→ **Exercise**
Once the images are removed, set down everything else in the listing below exactly.

→ **Data provided**
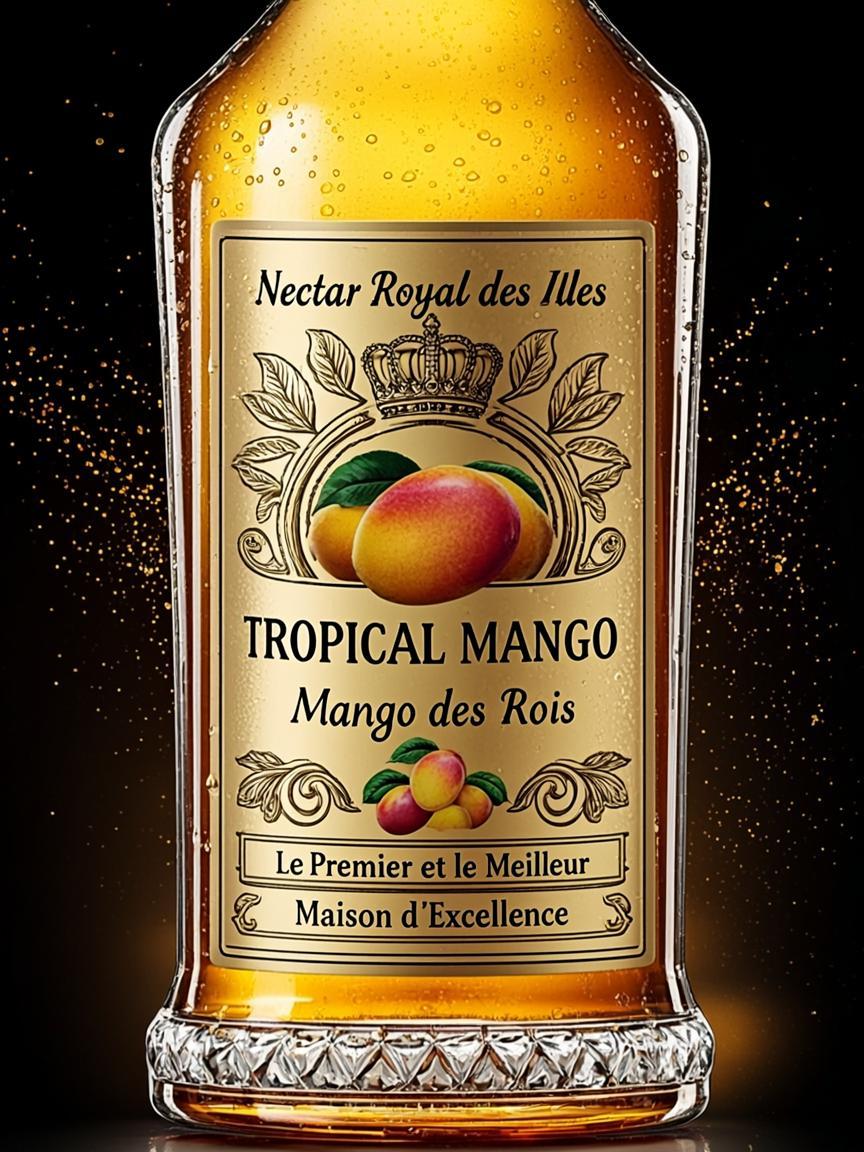 Edition Royale Cristal — TROPICAL MANGO — Mango des Rois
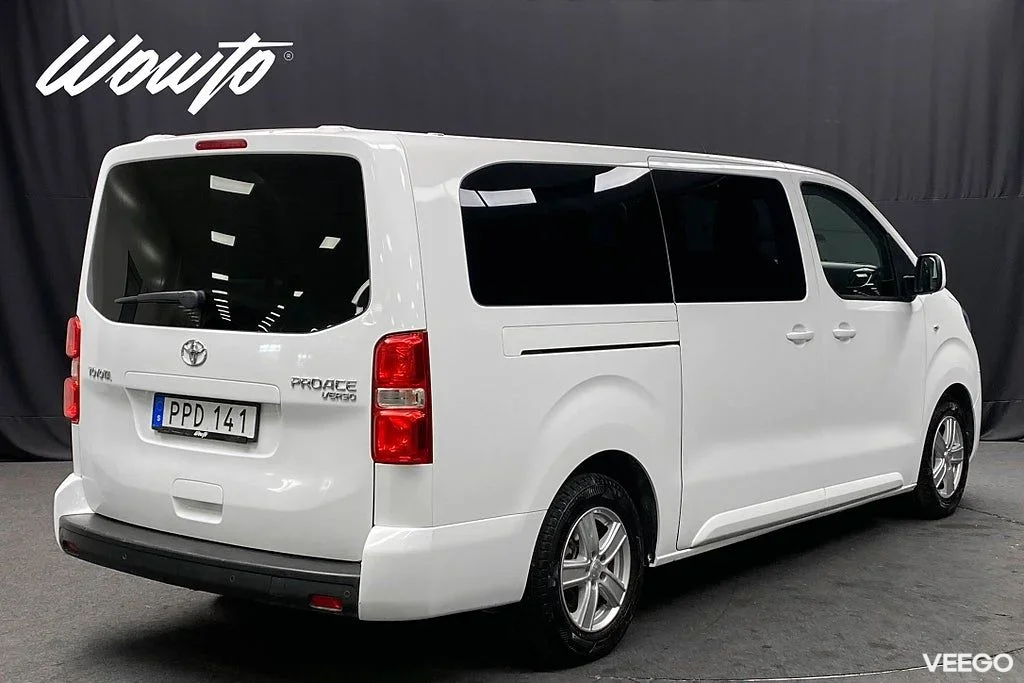 Toyota Proace Verso 1.5 D-4D 120HK L2 9-Sits /HuD 88kW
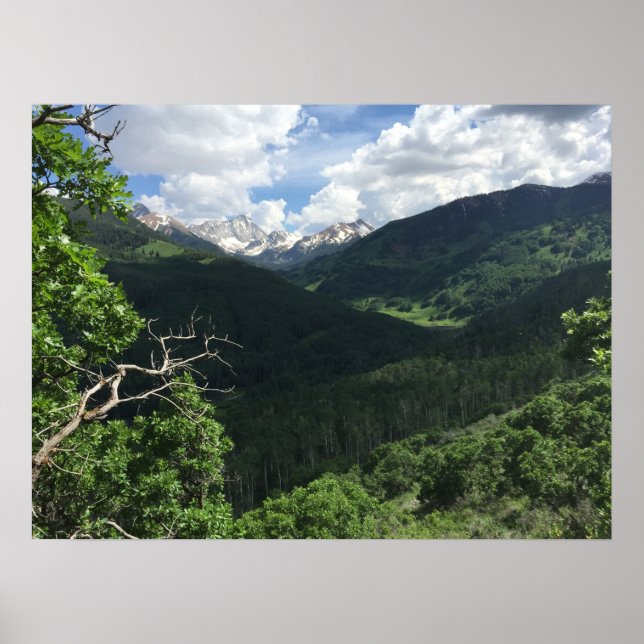 Capitol Peak, Colorado Poster (Front)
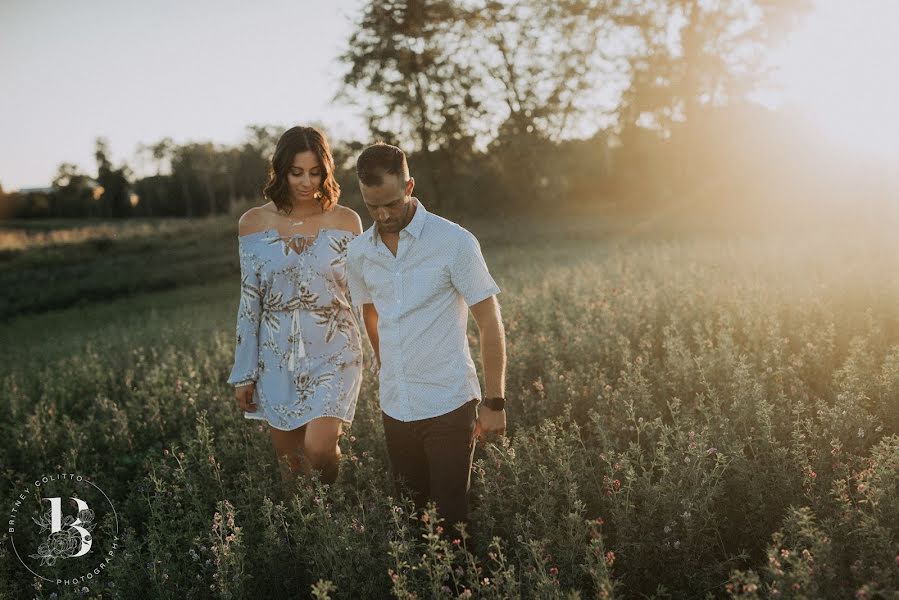 Fotografo di matrimoni Britney Colitto (britneycolitto). Foto del 9 maggio 2019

→ **Task answer**
 Edition Royale Cristal — TROPICAL MANGO — Mango des Rois
 Toyota Proace Verso 1.5 D-4D 120HK L2 9-Sits /HuD 88kW
 Capitol Peak, Colorado Poster (Front)
 Fotografo di matrimoni Britney Colitto (britneycolitto). Foto del 9 maggio 2019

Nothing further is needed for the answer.